Goal of the exercise => All of the data that follows should be retyped exactly, please, except the pictures.

Dataset section =>
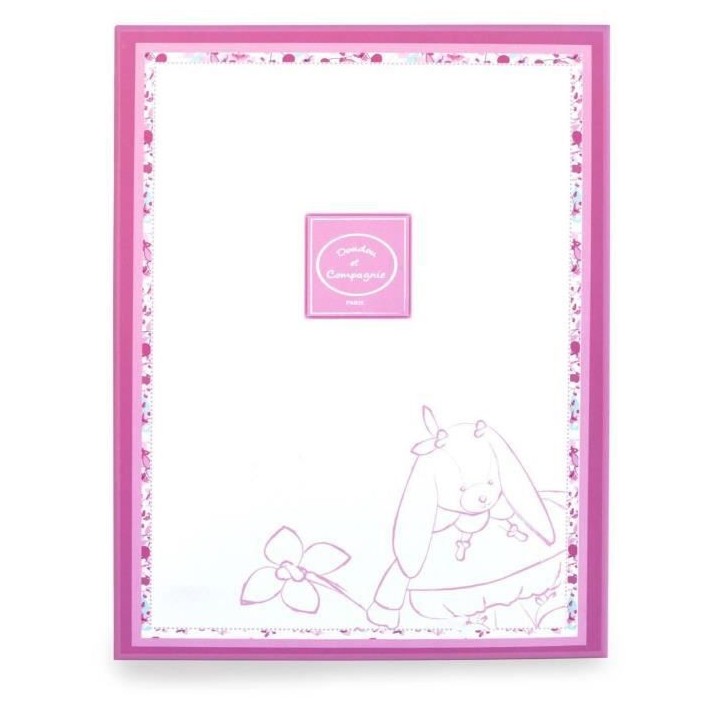 DOUDOU ET COMPAGNIE Cerise et Petit Chou - Doudou Cerise Le Lapin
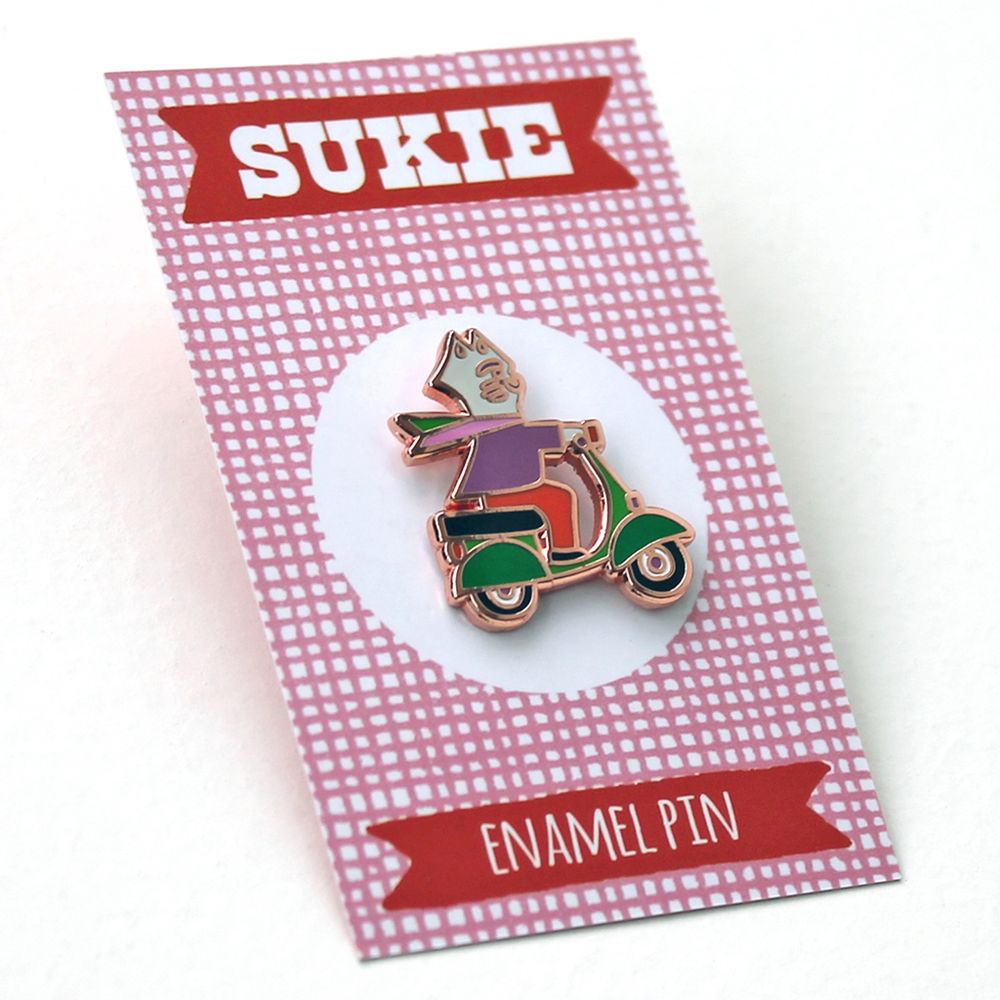 Jewelry - ENAMEL PINS - SUKIE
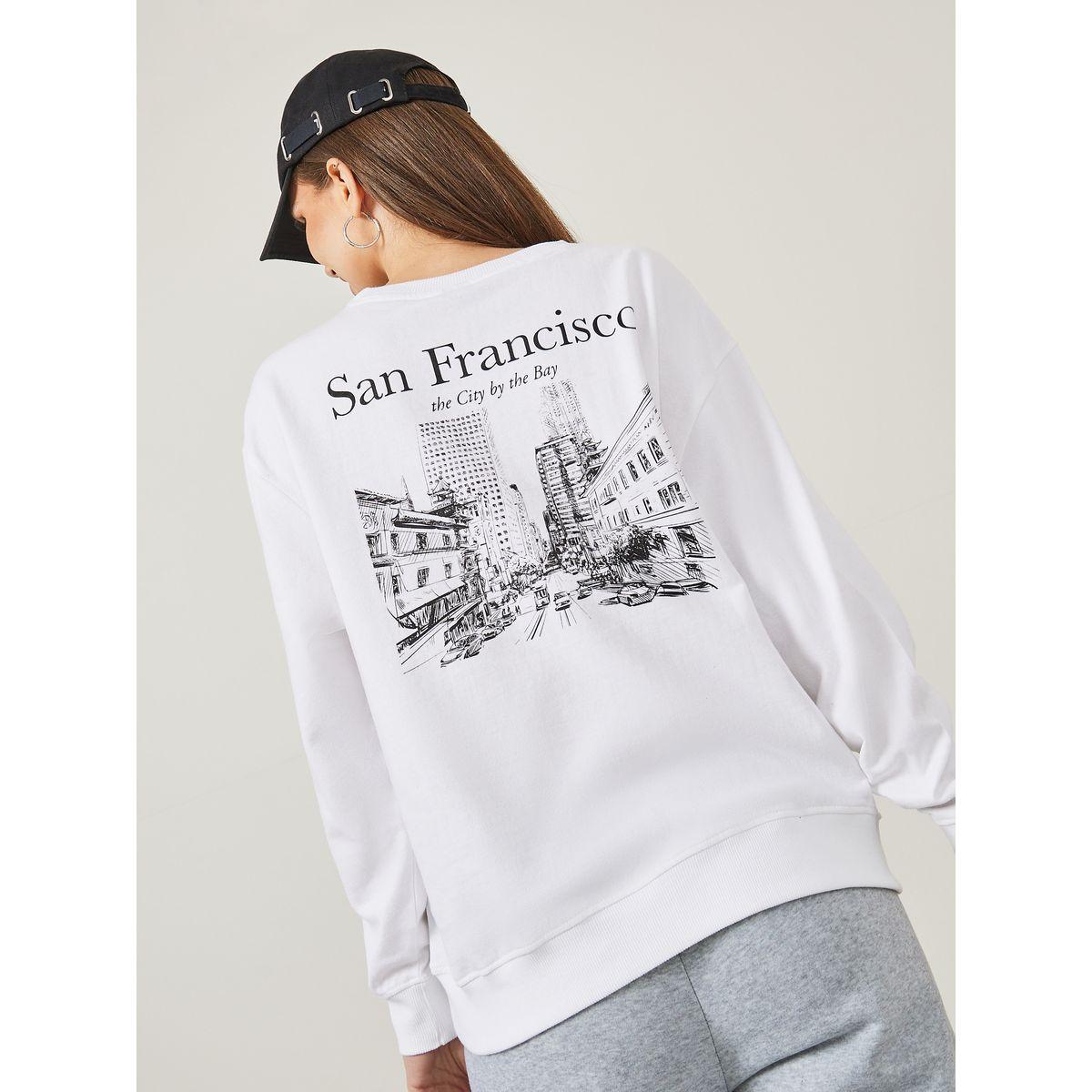 سويت شيرت مطبع بطبعة جرافيك-women-winterwear-hoodiesandsweatshirts-sweatshirts-image-4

Final answer =>
 DOUDOU ET COMPAGNIE Cerise et Petit Chou - Doudou Cerise Le Lapin
 Jewelry - ENAMEL PINS - SUKIE
 سويت شيرت مطبع بطبعة جرافيك-women-winterwear-hoodiesandsweatshirts-sweatshirts-image-4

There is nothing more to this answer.